Grandfather
This Remembrance Day Thursday, I am thankful for my grandfather.
He’s the one on the left in this photo. He fought in Germany and Belgium in World War II, and apocryphal family legend has it that he was the only Captain ever to accept the unconditional surrender of a German U-Boat.
Most of what he did in the war is apocryphal. He didn’t talk about it much. I suspect he came back with PTSD, but we didn’t have a name for it back then. I only know that he wanted order and quiet at all times.
He was not a demonstrative father. My father’s childhood memories of kindly older, well, father figures, were not of his own father. I guess that’s why dad tried so hard to be a part of our childhoods, hugging and sharing and generally being there for us.
My own relationship with my grandfather was all right. He called me ‘pet’ and ‘sugar mouse’, because I used to steal pinches out of the sugar bowl. The monkey taught me that. I used to look at my grandpa’s wall of sabres and guns and knives and stuff (on display in the den, as you do), and wonder about my very pacifist household.

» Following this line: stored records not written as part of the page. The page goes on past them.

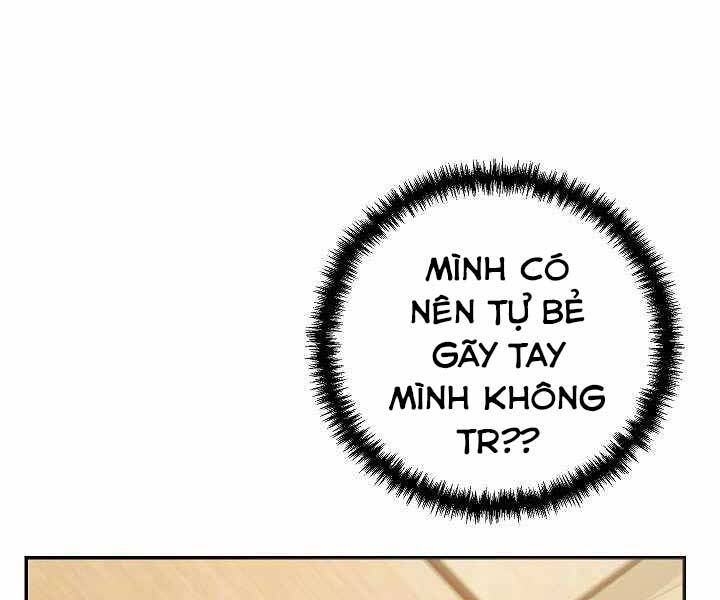Giả vờ làm kẻ vô dụng ở học  đường chapter 8 - Upload bởi truyensieuhay.com
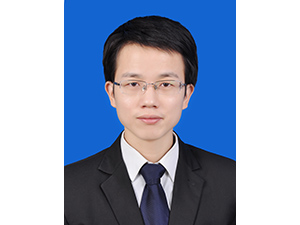 Dissertation Defense: Accuracy Analysis and Design Optimization for Low-Cost High-Accuracy Stochastic Circuit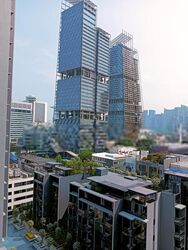 The M (D7), Apartment #415283021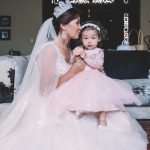 JC Crafford Photo and Video wedding photography at Red Ivory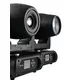 Hochleistungs-LED-Moving-Head mit LUMINUS CBM-360 LED-Bild-10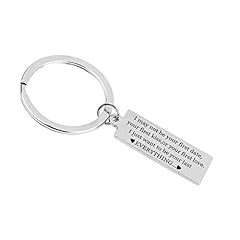 Amdxd keychain porte d'occasion  Livré partout en France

My favourite memory of him is a picture in my mind of him playing poker with his buddies. I had sneaked down the staircase at their house, where I was sleeping over. Looking into the oak-paneled dining room, I could see him focused on his cards and chips, wreathed in cigar smoke and lit by the purple stained glass lamp suspended above the table. He never saw me watching him, but older me strongly suspects that he loved poker night. It was a chance to find something ‘normal’ to do, in a world that was different from the one he expected.
I’m thankful for my grandpa and all the soldiers who fought to keep their children’s and their children’s children safe. Even at the risk of not knowing what to do with them, when they came home from the war.